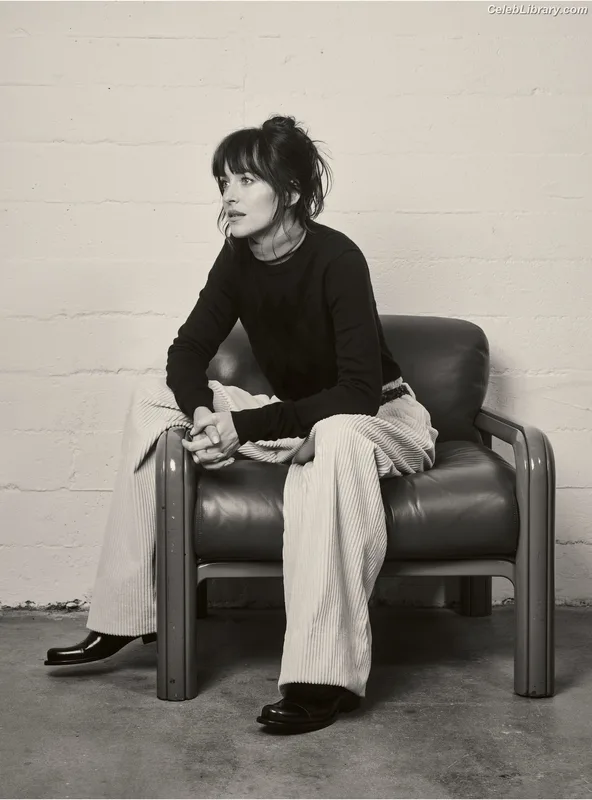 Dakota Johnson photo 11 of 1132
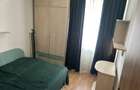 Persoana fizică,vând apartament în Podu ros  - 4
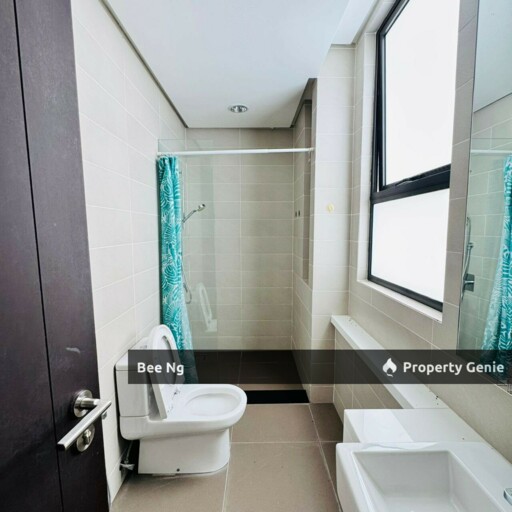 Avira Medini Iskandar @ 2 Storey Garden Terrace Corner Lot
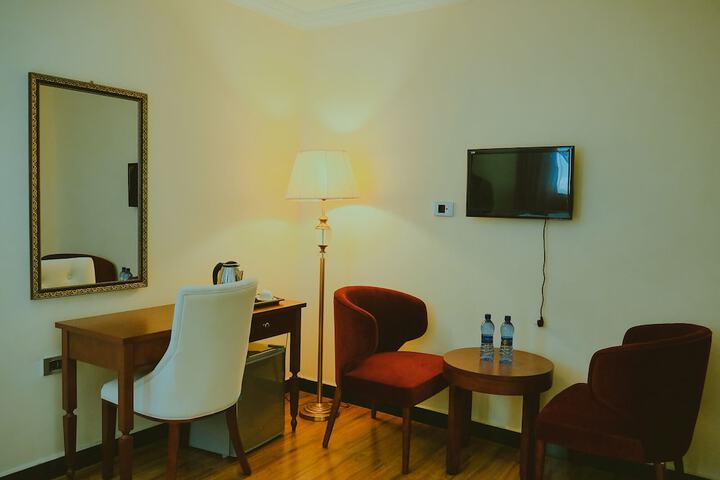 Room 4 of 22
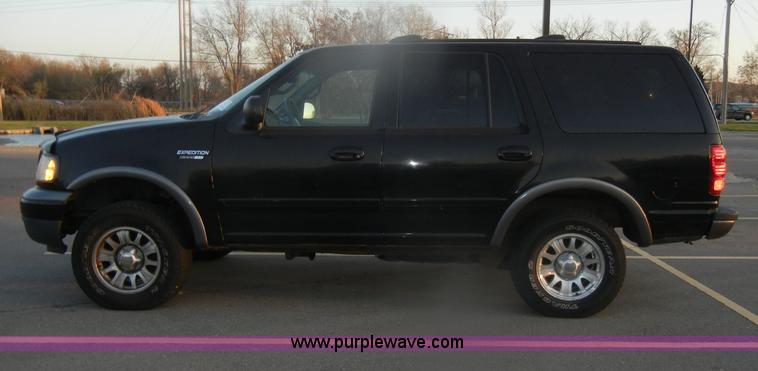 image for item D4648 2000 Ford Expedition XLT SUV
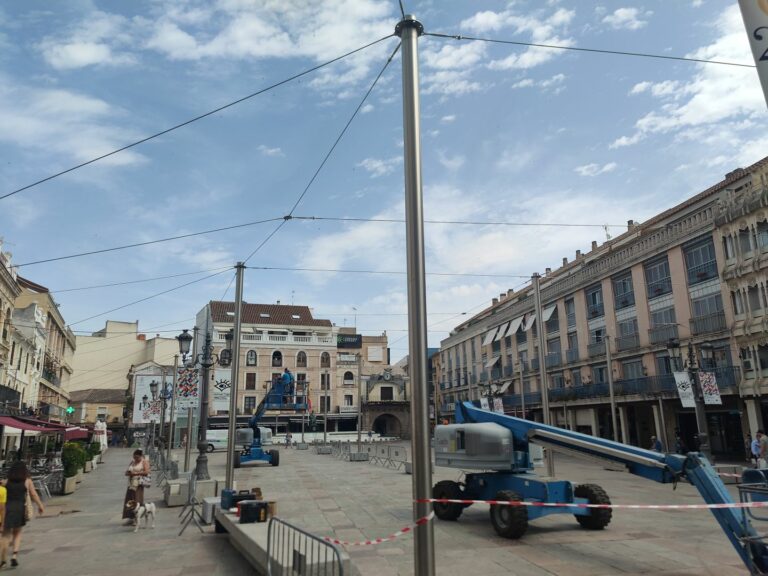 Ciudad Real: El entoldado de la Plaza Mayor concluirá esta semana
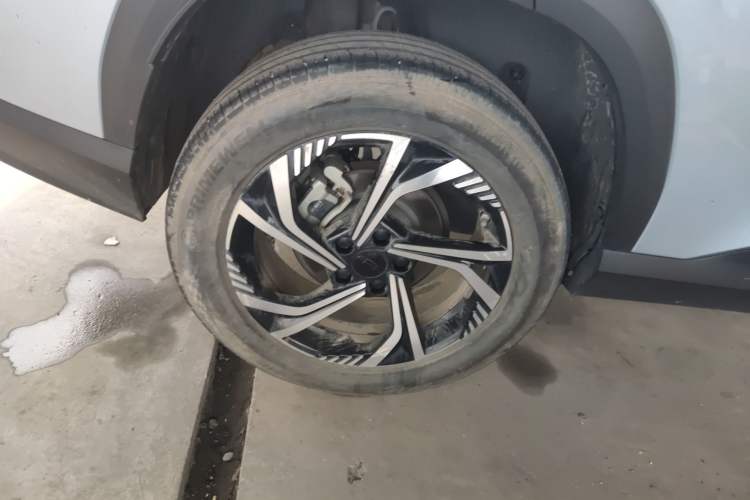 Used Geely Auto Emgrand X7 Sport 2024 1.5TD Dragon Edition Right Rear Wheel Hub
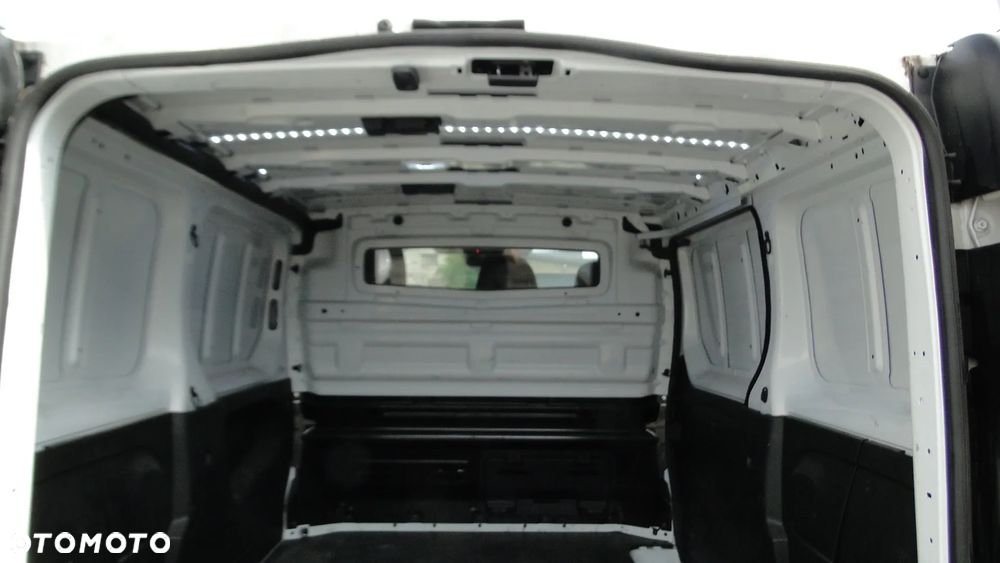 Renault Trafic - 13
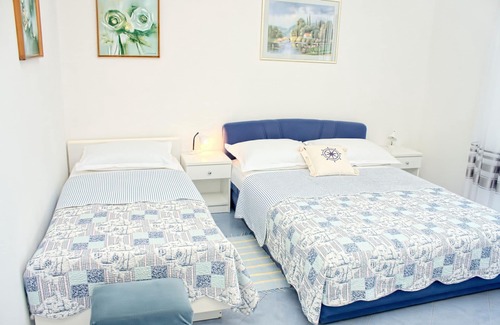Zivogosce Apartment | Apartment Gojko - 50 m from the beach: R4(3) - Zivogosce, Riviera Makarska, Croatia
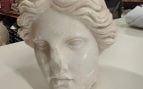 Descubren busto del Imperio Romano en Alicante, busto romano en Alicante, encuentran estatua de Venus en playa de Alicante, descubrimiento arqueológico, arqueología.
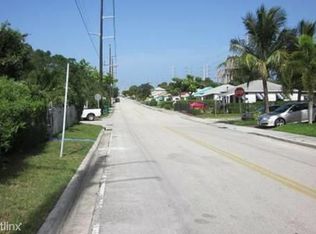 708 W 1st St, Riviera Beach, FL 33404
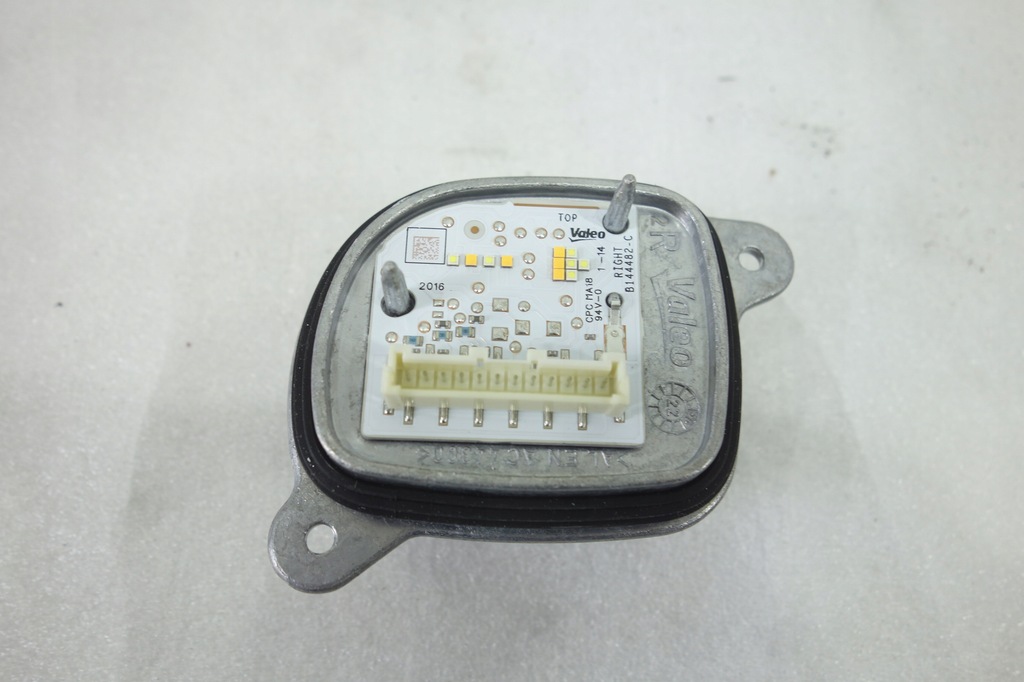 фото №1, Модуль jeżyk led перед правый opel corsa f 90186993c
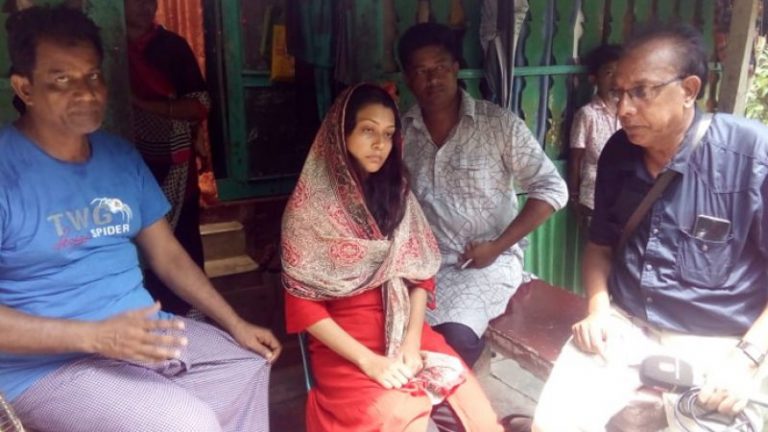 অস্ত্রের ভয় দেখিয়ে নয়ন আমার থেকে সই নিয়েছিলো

***

Work to be completed:
Print the records exactly, every one. Leave out the pictures.

Solution for this task:
 Dakota Johnson photo 11 of 1132
 Persoana fizică,vând apartament în Podu ros  - 4
 Avira Medini Iskandar @ 2 Storey Garden Terrace Corner Lot
 Room 4 of 22
 image for item D4648 2000 Ford Expedition XLT SUV
 Ciudad Real: El entoldado de la Plaza Mayor concluirá esta semana
 Used Geely Auto Emgrand X7 Sport 2024 1.5TD Dragon Edition Right Rear Wheel Hub
 Renault Trafic - 13
Zivogosce Apartment | Apartment Gojko - 50 m from the beach: R4(3) - Zivogosce, Riviera Makarska, Croatia
 Descubren busto del Imperio Romano en Alicante, busto romano en Alicante, encuentran estatua de Venus en playa de Alicante, descubrimiento arqueológico, arqueología.
 708 W 1st St, Riviera Beach, FL 33404
 фото №1, Модуль jeżyk led перед правый opel corsa f 90186993c
 অস্ত্রের ভয় দেখিয়ে নয়ন আমার থেকে সই নিয়েছিলো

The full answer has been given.